Being Accountable to the Public

Cuba: Being Accountable to the Public
October 9, 2014
Fernando Ravsberg

HAVANA TIMES — An old proverb in Spanish says that to err is human and
that only the wise learn from their mistakes. Others insist that showing
one's face, assuming the burden of responsibility and offering apologies
are distinctively honest actions – the kind of honesty that ought to be
a requirement for anyone who holds public office.

In the course of recent weeks, Cuba has experienced a number of
situations in which government officials made mistakes and later
rectified them but tried to avoid asking for apologies. These officials
blame others for what happened or mend their ways without even
mentioning the mistake they made.

The Cuban government pulled Labiofam's ears for launching two colognes
that bore the names of legendary Argentinian guerrilla leader Ernesto
Che Guevara and former Venezuelan President Hugo Chavez.

The company's management quickly issued a communiqué begrudgingly
accepting the blame and trying to accuse a foreign journalist of
stirring up a "media spectacle" around the two fragrances that they
themselves publicly presented.

A Cuban journalist, Omar George, replied that "the spectacle started
well before, when, during a congress, to which the international press
had access, incidentally, the company launched a marketing strategy
whose aim could not have been other than placing the two products on the
market."

Labiofam executives tried to politicize the whole affair, portraying
themselves as the victims of "the petty interests of the press (foreign)
that lies and attacks them." These statements, however, were refuted on
the very web-page of the Association of Cuban Journalists (UPEC).

Wouldn't it have been more dignified, and simpler, to assume full
responsibility for the mistake, and to ask for apologies from the
Guevara and Chavez families and the many Cubans who questioned the
marketing of political icons by the company?

Labiofam is a successful Cuban laboratory that exports goods and
services to many countries around the world. Making mistakes is one of
the many things it must deal with – it is no sin. Attempting a political
maneuver to lay the blame on someone else, however, is.

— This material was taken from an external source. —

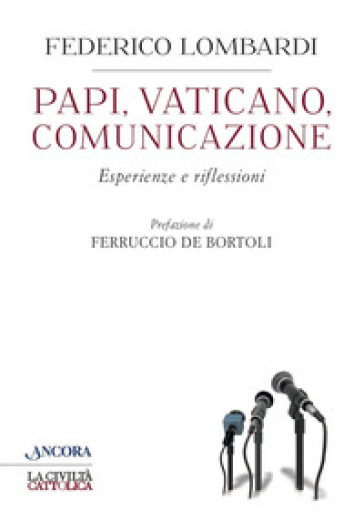 Papi, Vaticano, comunicazione. Esperienze e riflessioni - Federico Lombardi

Something similar happened with Terminal 3 of the Jose Marti
International Airport, where airport management had forbidden
accompanying persons from entering the facilities, arguing that this was
demanded by international norms.

The measure prompted protests from Cuban intellectuals, artists,
academics and bloggers. Cyberspace was saturated with questioning,
because nearly no one was convinced by the explanations that the
authorities gave everyone through the media.

Now, as though nothing had happened, an airport executive announces in
Juventud Rebelde, another official newspaper, that "the waiting areas
have been reopened to those who accompany passengers at Terminal 3 of
the Jose Marti International Airport."

Caridad Miranda, a reader of the newspaper, recalls that another high
official had previously assured users that the prohibition "was based on
international norms that require a certain number of square meters per
passenger to guarantee that check-in operations are carried out correctly."

She adds that "now, they give us this information – which I am very
happy to read – as though no one had heard what they said before. If the
measure had to be rectified, the most decent thing to do is to say so,
to publicly take responsibility for the mistake and not to take the
public as fools."

Alberto, another reader, comments that "it is a question of basic
respect. If they ultimately had to rectify their mistake, they should
say so publicly. There's no shame in it. It actually speaks highly of
those who address the opinion of the people they claim to serve, as does
asking for apologies, if needed."

Listening to the public and fixing mistakes has never been a sign of
weakness. On the contrary, it is a needed democratic exercise that all
State officials should be trained in – for, far from taking power away
from them, it adds prestige to their institutions.